**Exercise objective**
Images aside, the whole listing should be written out word for word.

**Supplied material**
§
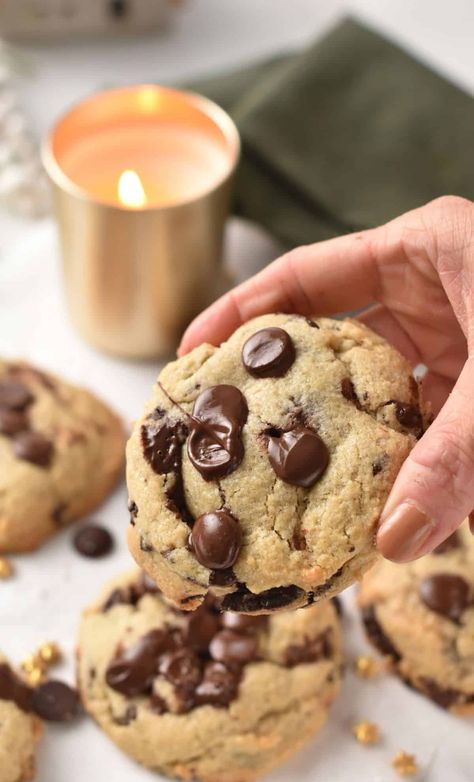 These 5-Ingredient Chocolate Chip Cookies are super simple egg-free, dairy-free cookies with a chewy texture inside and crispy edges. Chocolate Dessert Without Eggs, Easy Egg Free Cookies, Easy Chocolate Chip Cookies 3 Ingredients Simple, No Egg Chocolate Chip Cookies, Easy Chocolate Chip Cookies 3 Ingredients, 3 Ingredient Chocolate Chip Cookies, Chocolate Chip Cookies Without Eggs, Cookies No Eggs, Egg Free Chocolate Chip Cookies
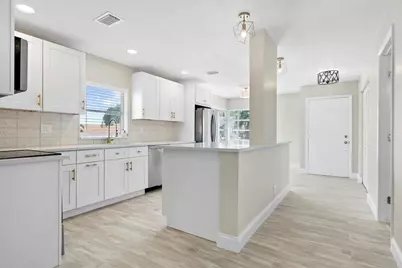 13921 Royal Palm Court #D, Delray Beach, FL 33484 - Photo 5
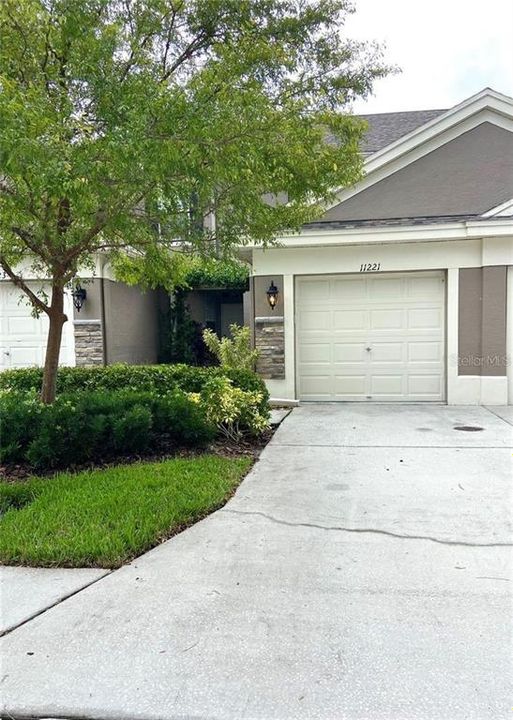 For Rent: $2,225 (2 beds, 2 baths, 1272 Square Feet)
§
**Written solution**
 These 5-Ingredient Chocolate Chip Cookies are super simple egg-free, dairy-free cookies with a chewy texture inside and crispy edges. Chocolate Dessert Without Eggs, Easy Egg Free Cookies, Easy Chocolate Chip Cookies 3 Ingredients Simple, No Egg Chocolate Chip Cookies, Easy Chocolate Chip Cookies 3 Ingredients, 3 Ingredient Chocolate Chip Cookies, Chocolate Chip Cookies Without Eggs, Cookies No Eggs, Egg Free Chocolate Chip Cookies
 13921 Royal Palm Court #D, Delray Beach, FL 33484 - Photo 5
 For Rent: $2,225 (2 beds, 2 baths, 1272 Square Feet)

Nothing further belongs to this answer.